▶ Assignment:
Repeat the data exactly, leaving out any image.

====== The data ======

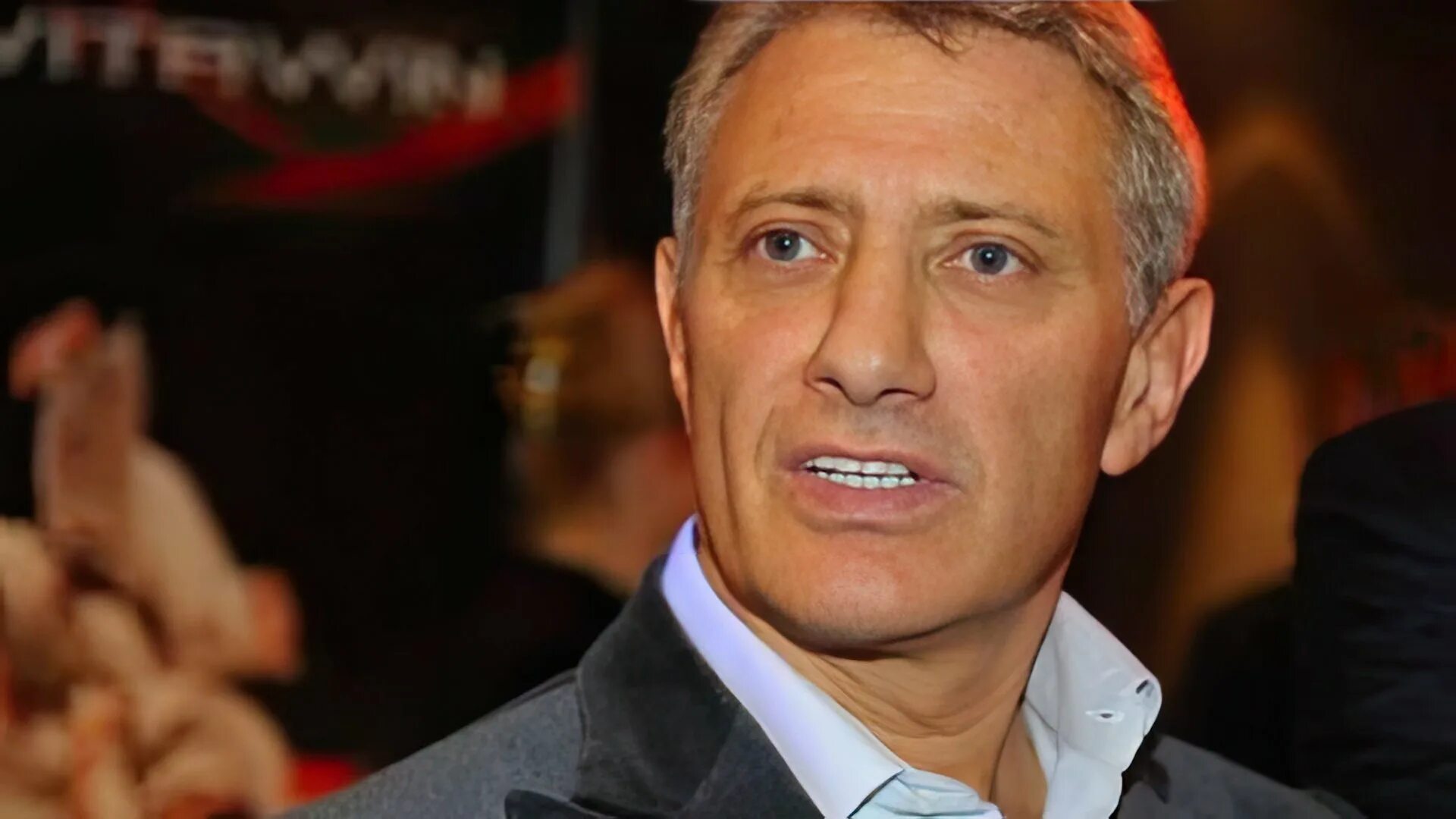 Аркадий ротенберг. Бизнесмен аркадий. Аркадий ротенберг миллиардер. Аркадий ротенберг особняк. Бизнесмен ротенберг.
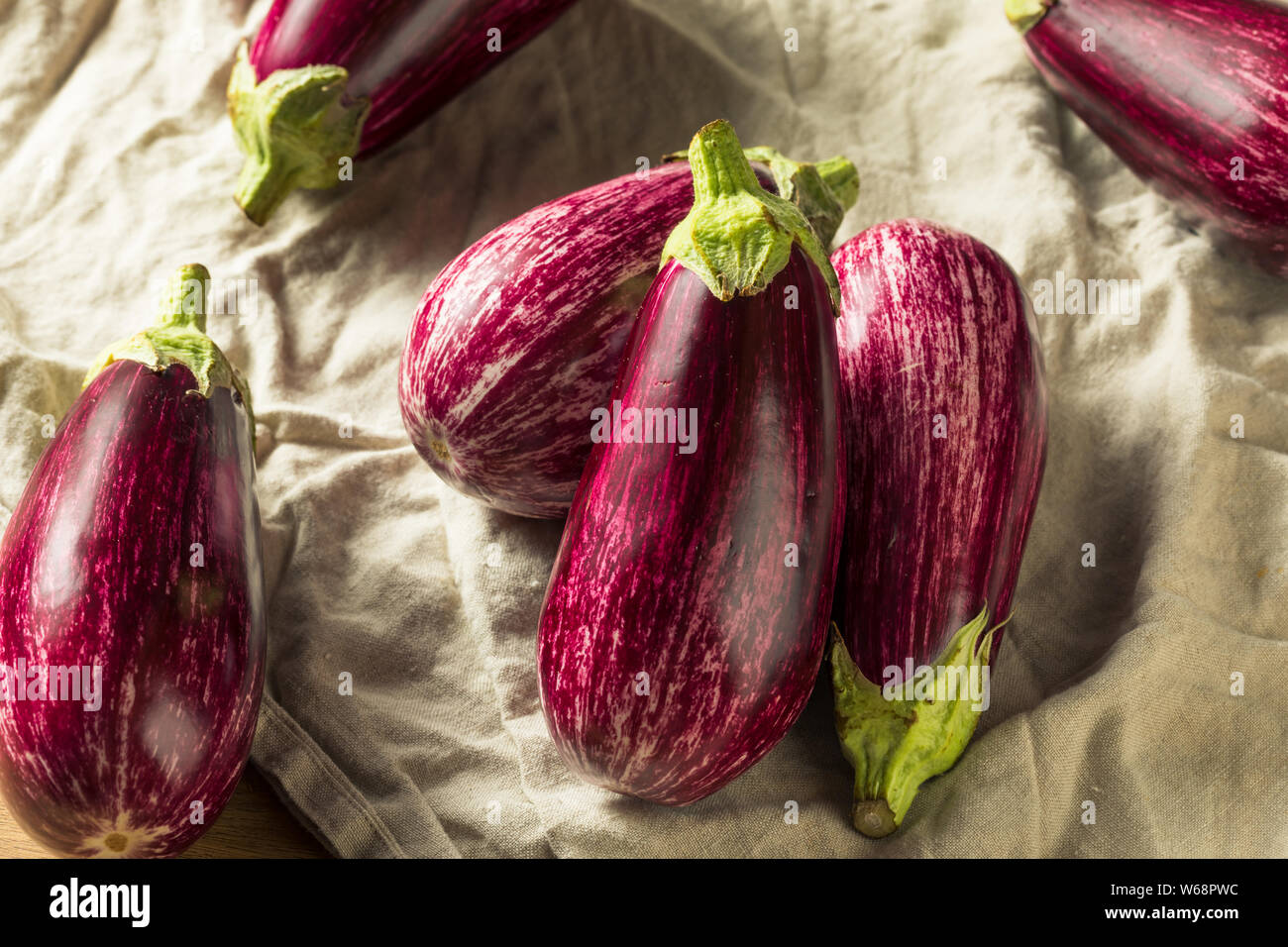 Materie organiche viola melanzane Gaffiti pronto per cucinare Foto Stock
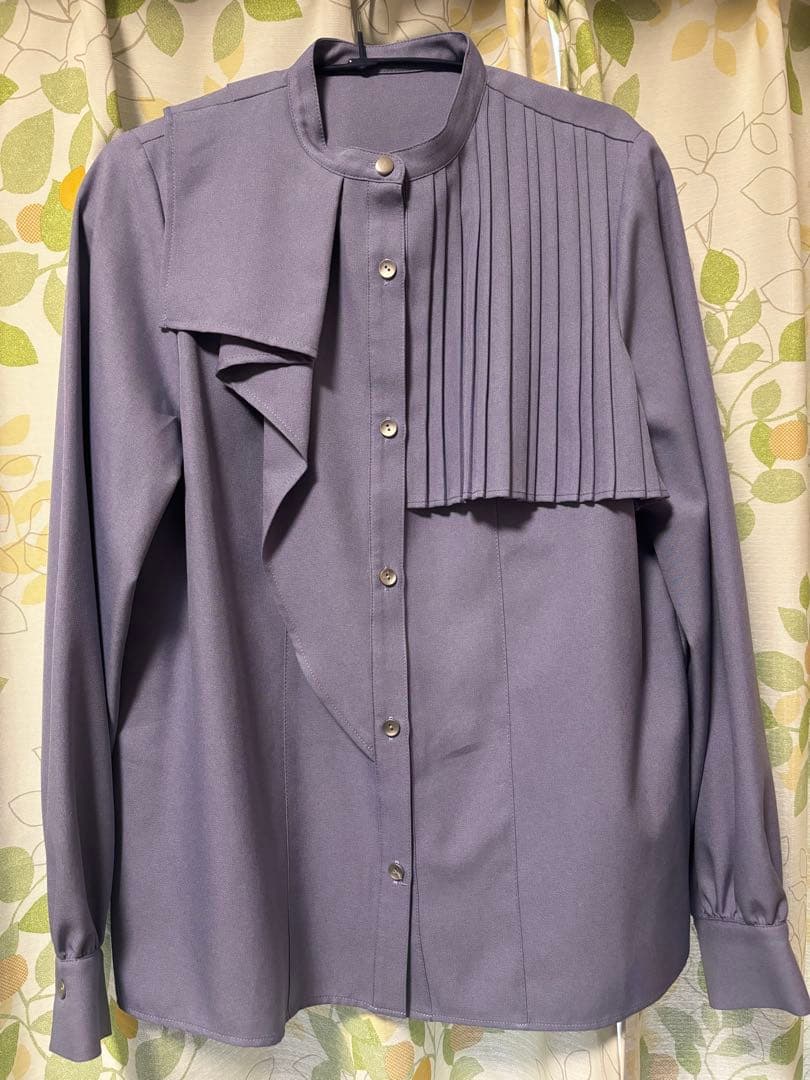 UNITED TOKYO☆ アシメプリーツデザインブラウス -UVカット-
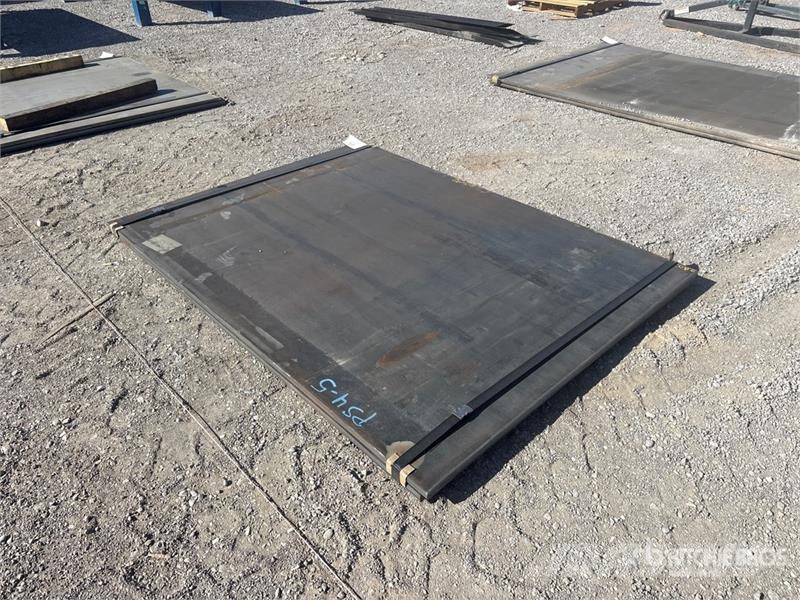  Kit Containers 60 in x 82 in Steel Plates (Unused) Andet tilbehør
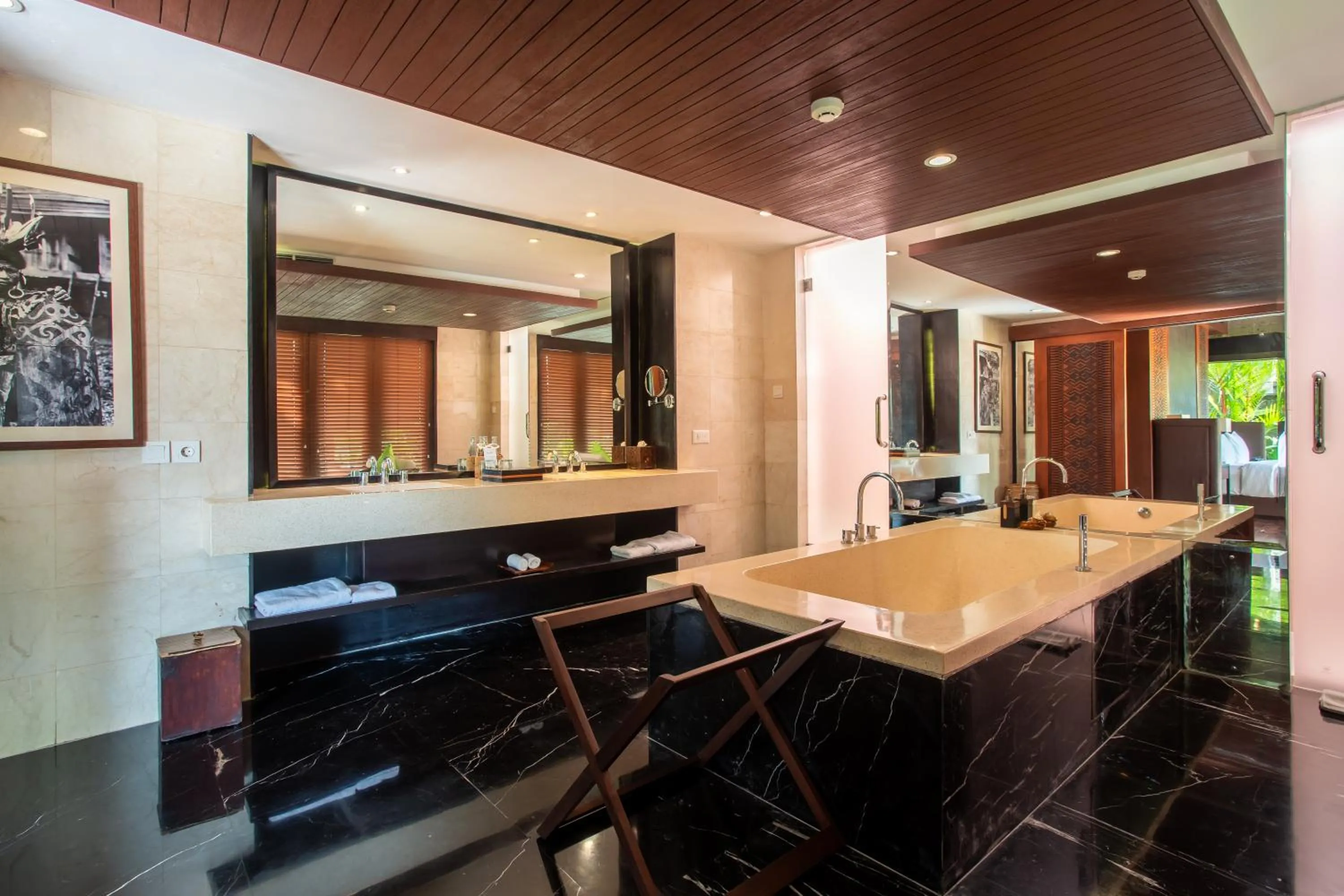 Toilet in Sanctoo Suites & Villas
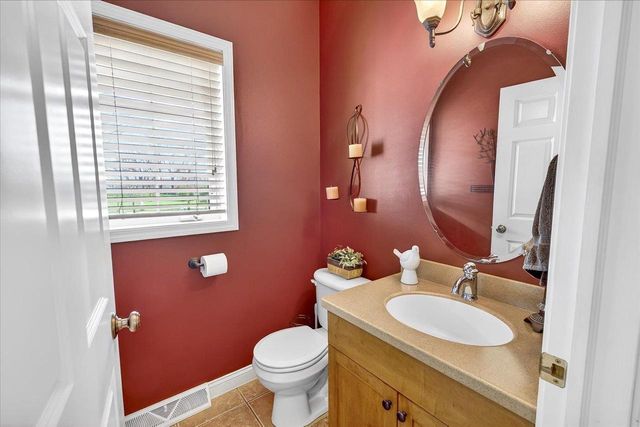 1209 Hanover Trail, Waunakee, WI 53597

======

▶ Answer to this problem:
 Аркадий ротенберг. Бизнесмен аркадий. Аркадий ротенберг миллиардер. Аркадий ротенберг особняк. Бизнесмен ротенберг.
 Materie organiche viola melanzane Gaffiti pronto per cucinare Foto Stock
 UNITED TOKYO☆ アシメプリーツデザインブラウス -UVカット-
  Kit Containers 60 in x 82 in Steel Plates (Unused) Andet tilbehør
 Toilet in Sanctoo Suites & Villas
 1209 Hanover Trail, Waunakee, WI 53597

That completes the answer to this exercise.